Material supplied section start

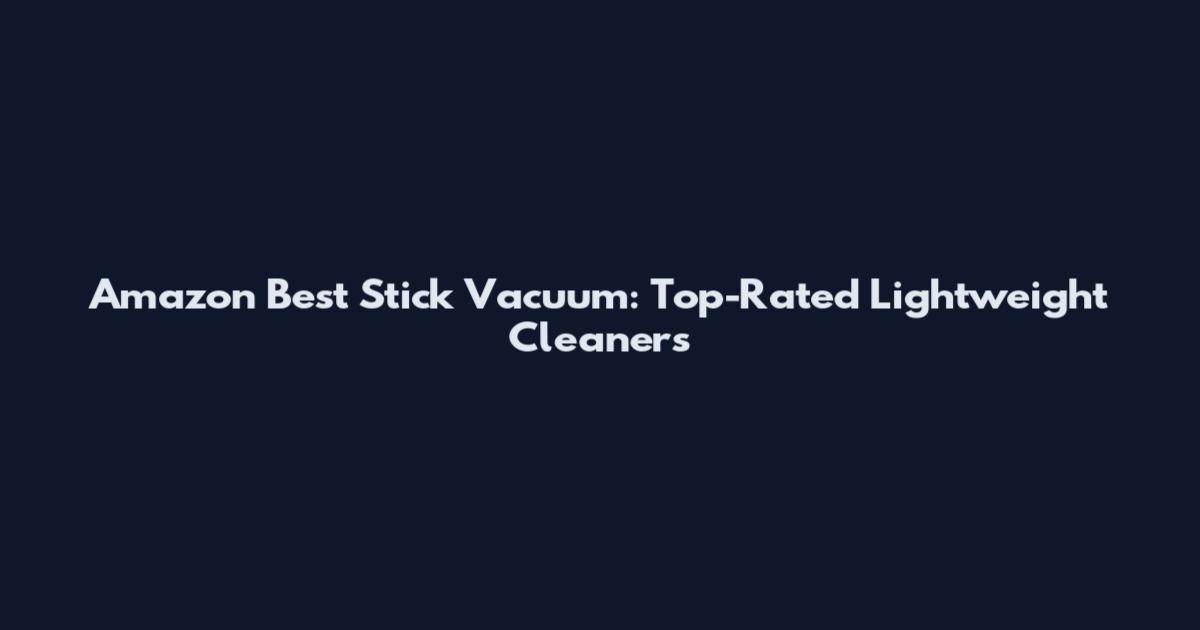 Amazon Best Stick Vacuum: Top-Rated Lightweight Cleaners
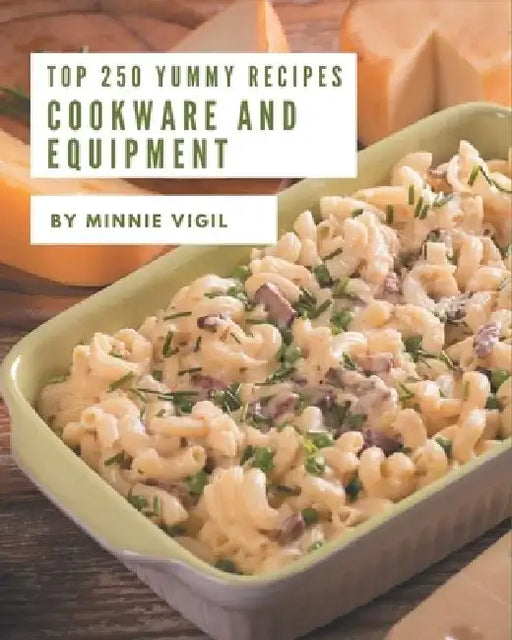 Top 250 Yummy Cookware and Equipment Recipes: The Yummy Cookware and Equipment Cookbook for All Things Sweet and Wonderful! by Minnie Vigil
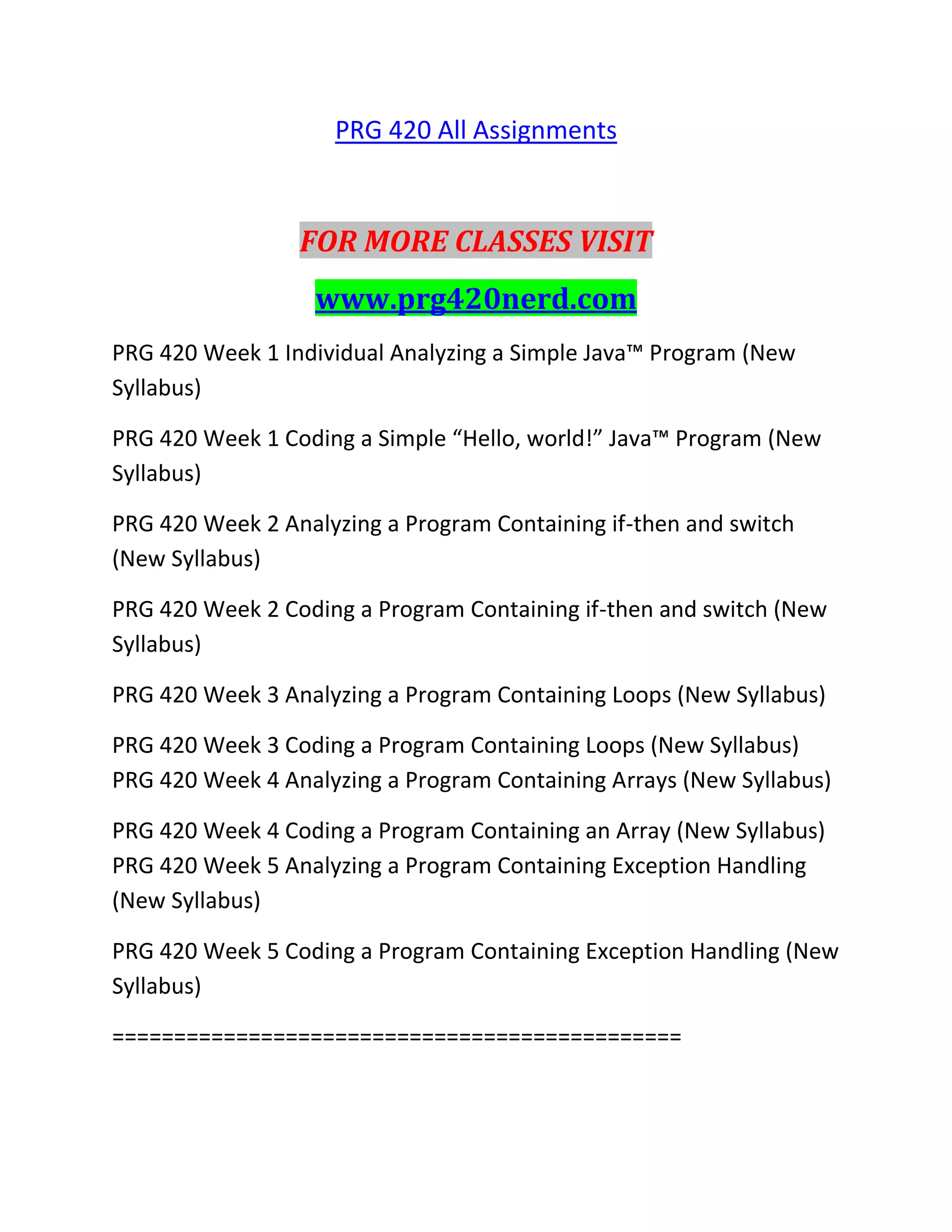 PRG 420 All Assignments
FOR MORE CLASSES VISIT
www.prg420nerd.com
PRG 420 Week 1 Individual Analyzing a Simple Java™ Program (New
Syllabus)
PRG 420 Week 1 Coding a Simple “Hello, world!” Java™ Program (New
Syllabus)
PRG 420 Week 2 Analyzing a Program Containing if-then and switch
(New Syllabus)
PRG 420 Week 2 Coding a Program Containing if-then and switch (New
Syllabus)
PRG 420 Week 3 Analyzing a Program Containing Loops (New Syllabus)
PRG 420 Week 3 Coding a Program Containing Loops (New Syllabus)
PRG 420 Week 4 Analyzing a Program Containing Arrays (New Syllabus)
PRG 420 Week 4 Coding a Program Containing an Array (New Syllabus)
PRG 420 Week 5 Analyzing a Program Containing Exception Handling
(New Syllabus)
PRG 420 Week 5 Coding a Program Containing Exception Handling (New
Syllabus)
==============================================
 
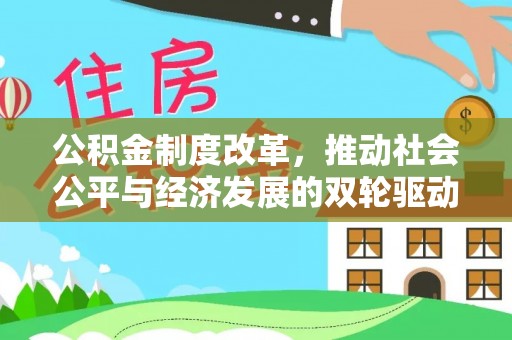 内丘公积金制度改革，推动社会公平与经济发展的双轮驱动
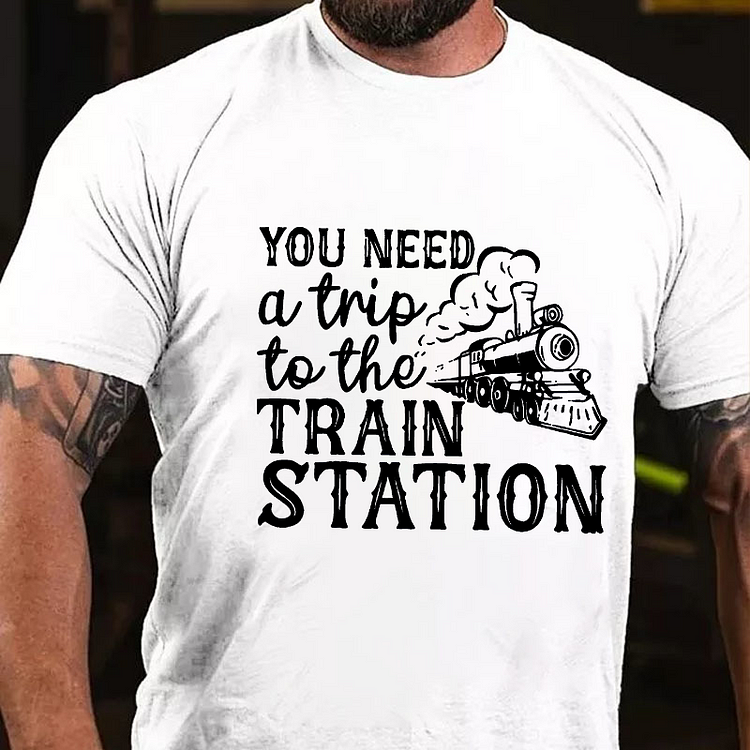 You Need A Trip To The Train Station T-shirt socialshop
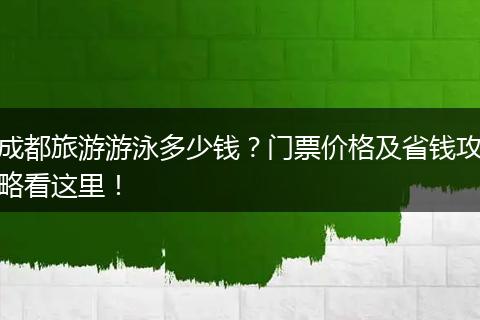 成都旅游游泳多少钱？门票价格及省钱攻略看这里！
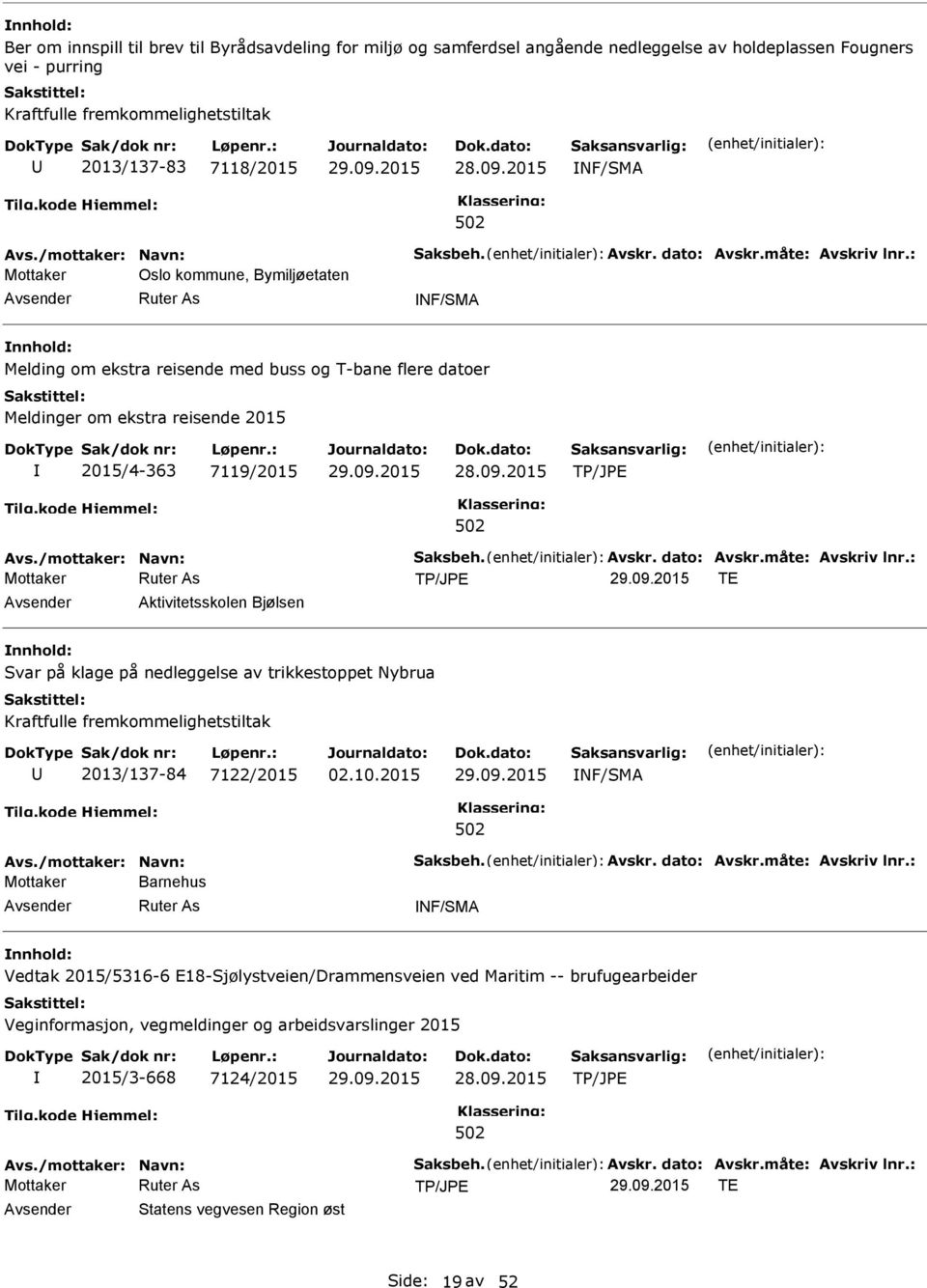 : Mottaker Oslo kommune, Bymiljøetaten NF/SMA Melding om ekstra reisende med buss og T-bane flere datoer Meldinger om ekstra reisende 2015 2015/4-363 7119/2015 Avs.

Material supplied section end

> **Task brief**
Leave out every picture and write out exactly the lines running from the line containing "PRG 420 Week 4 Coding" to the end of the listing above.

> **Answer section**
PRG 420 Week 4 Coding a Program Containing an Array (New Syllabus)
PRG 420 Week 5 Analyzing a Program Containing Exception Handling
(New Syllabus)
PRG 420 Week 5 Coding a Program Containing Exception Handling (New
Syllabus)
==============================================
 
 内丘公积金制度改革，推动社会公平与经济发展的双轮驱动
 You Need A Trip To The Train Station T-shirt socialshop
 成都旅游游泳多少钱？门票价格及省钱攻略看这里！
 : Mottaker Oslo kommune, Bymiljøetaten NF/SMA Melding om ekstra reisende med buss og T-bane flere datoer Meldinger om ekstra reisende 2015 2015/4-363 7119/2015 Avs.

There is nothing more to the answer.